So once upon a time there was a certain author who was stumbling upon YouTube for irrelevant information (that’s me), and as though it were fated, this author stumbled upon a video with less than 30 views at the time. The video was titled something along the lines of “Enchanted Worlds Books…”. In essence, this video was composed of a gentlemen leafing through a rather large tome.
At first, this anonymous author thought nothing of it. But then the man in the video opened the book, revealing a myriad of classically painted art with fancy text printed over it. From that moment on, the author was interested.
An odd way to start a blog post, I know, but what’s even odder is that this story is true. Just thinking about it this way reminds me of how easily I could have just skipped this obscure video, and have missed out on this rare gem of a series.
Luckily for you, my curiosity has a habit of showing itself in the oddest moments. But what the hell is this book? Well, I’m glad you asked.
The Enchanted Worlds series of books is among the more unique pieces of literature you could find. From the peculiar size of the texts themselves to the stunning art that garnishes most of its pages. But what is truly unique about this book is the kind of narrative that it is telling.
Just by reading the title you could fool yourself into believing this was just another run-of-the-mill mythology encyclopedia. But the moment you fathom this is the moment your are a hair’s breath away from dismissing this as generic drivel. But it’s not.
Elves and Fairies is a title broad enough for it to give the vibe of an academic work, which in one sense, is a vibe provided by this book. A lot of knowledge of particular subsets of mythology from all over Europe is present here, and you can learn a fair bit from it. But that isn’t ALL there is to it.
This story is more akin to a collection of folklore compiled into a manuscript. Except that…it isn’t!? Well, I guess it kind of is but–its weird is all.
The stories compiled in this book are about Elves and Fairies (what else were you expecting?), and it tells of their encounters with the human race over the course of ancient and medieval history. You have tales of forbidden love between the two alien races, tales of fairies whom would snatch infants from villages, tales of people turning into swans, and much more!
The reason I say it’s strange is because it’s hard to tell whether this book tries to present itself as a compilation of stories told by ancient people or as a compilation of fictional stories inspired by ancient mythologies. The stories present here have just the right amount of lack of detail and tropes to fit in with common fairy-tales we hear, yet, the tales are so different from the ones we are used to listening to, that one can’t help but speculate if the writers made them up on their own.

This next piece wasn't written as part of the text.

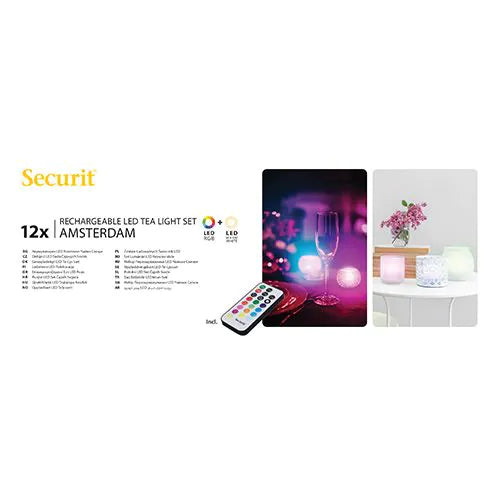 Papstar Securit® 12 candeline a LED incl. stazione di ricarica Ø 4 cm x 5 cm Tempo di illuminazione "Amsterdam" 12-40 ore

It’s a very peculiar experience. If I had to summarize it in one way, it would be this. This book chronicles the dealings of Fairy-Kind with the Mortal world through the views of many European cultures, all the while giving you a neat index of historical beliefs regarding these beings. I don’t think I’ve read anything like it either, and I don’t think you have either.
I ask that you please give this a shot, I’ve only read one book but my imagination is already enthralled. As for the price…would you believe me if I told you that a good portion of these books are available used for only a cent on Amazon? A cent.
With those kind of prices, how could you NOT get it?
As always, this has been the QuestingAuthor. Keep Writing, my friends.